Business Services Industry

User-friendly hospitals - hospital-sponsored health programs and classes

Nation's Business, May, 1988 by Carol Dilks

Users-Friendly Hospitals

Personal Management

To Your Health By Carol Dilks

Two nights a week, Sandy Walker crosses the Canadian border on a special health mission. After locking the door of her Newport, Vt., card shop, she drives eight miles to the Quebec town of Stanstead, where she dives into a college pool for an hour of swimming.

Walker knows exactly how hard to swim to increase her heart rate enough for a good aerobic workout. That is because she has been swimming for three years as part of a healthd program -- one sponsored not by the college or her local aquatics club, but by Newport's North Country Hospital.

North Country has sponsored health-promotion programs on and off the hospital grounds since 1982. At her latest sign-up, Walker drew the lucky number: She was the 10,000th participant in the hospital's programs, and she got a commemorative T-shirt and some local attention. And through her involvement, she has picked up a new view of the hospital: "I feel they're interested in you not only when you are sick, but when you're well."

Hospitals are working hard to promote that idea. An estimated 85 percent of them now offer staff-led courses and lectures on physical and emotional well-being. Some of these courses are logical extensions of medical services, such as lifestyle support groups for recent heart-attack victims; others go farther afield, to subjects like weight control and aerobic dance.

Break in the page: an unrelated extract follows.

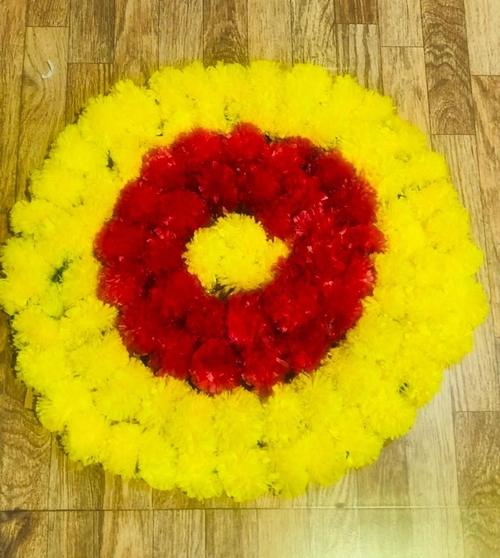 Artificial Marigold Flower Rangoli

Much of this new activity is the result of a squeeze on the hospitals: Their liability-insurance costs have gone up, and a new system of uniform Medicare disbursements has slowed revenue growth. These developments have driven hospitals to seek new sources of revenue, like health-promotion programs, that involve lower risks of lawsuits.

The programs generally run in the black. Though some lectures are free, most courses and seminars have fees, usually under $50 per person. Classes, at corporate sites are billed either by the hour or per person. The most popular programs are nutrition education, stress management, hypertension control, prenatal education, physical fitness, stopping smoking, aerobic dance, weight control, back care, cardiopullmonary resuscitation (CPR) and diabetes management.

To attract more participants, some hospitals have worked up courses for relatively narrow audiences. The many offerings at Arlington Hospital in Arlington, Va., include seminars on dealing with depression, bereavement, divorce, job less or promotion; alcohol and drug-abuse awareness; plastic surgery; self-esteem and adolescence; and exercise for the elderly. The hospital also has support groups for people with diabetes, herpes, cancer and arthritis.

Arlington Hospital is considering opening satellite centers to help meet rising demand. Among other hospitals with such centers is Scripps Memorial, in La Jolla, Calif. It has 13 off-campus sites, including one that is in the middle of a large San Diego shopping mall.

Other hospitals have rebuilt their facilities to accommodate health-promotion programs. Gottlieb Memorial Hospital, in Melrose Park, Ill., has gone a step further by building its own physical-fitness facility.

In addition to offering programs for patients and the general public, many hospitals also market corporate programs. These take the form of employee health surveys, individual risk assessments, cholesterol screenings and health fairs.

Trash haulers at Browning-Ferris Industries, in Hatfield, Pa., were concerned about back problems, so the company's safety manager contacted the Graduate Hospital of Philadelphia and set up a seminar with nurse-practioner Sharon Gates. She presented a 90-minute lecture and demonstration, which cost the company $150.

A group of 45 haulers (out of a company total of 50) learned about the structure of the spine. They simulated their tasks for careful observation by Gates, who zeroed in on what they were doing wrong. She demonstrated how to lift objects properly and had the workers practice the new method. After six months, the workers were stil applying what they had learned. Said Safety Manager Bob Carroll: "Up to now, no one has been out with a bad back." NB

PHOTO: Sandy Walker of Newport, Vt., got her certificate for being the 10,000th participant in North Country Hospital's wellness program.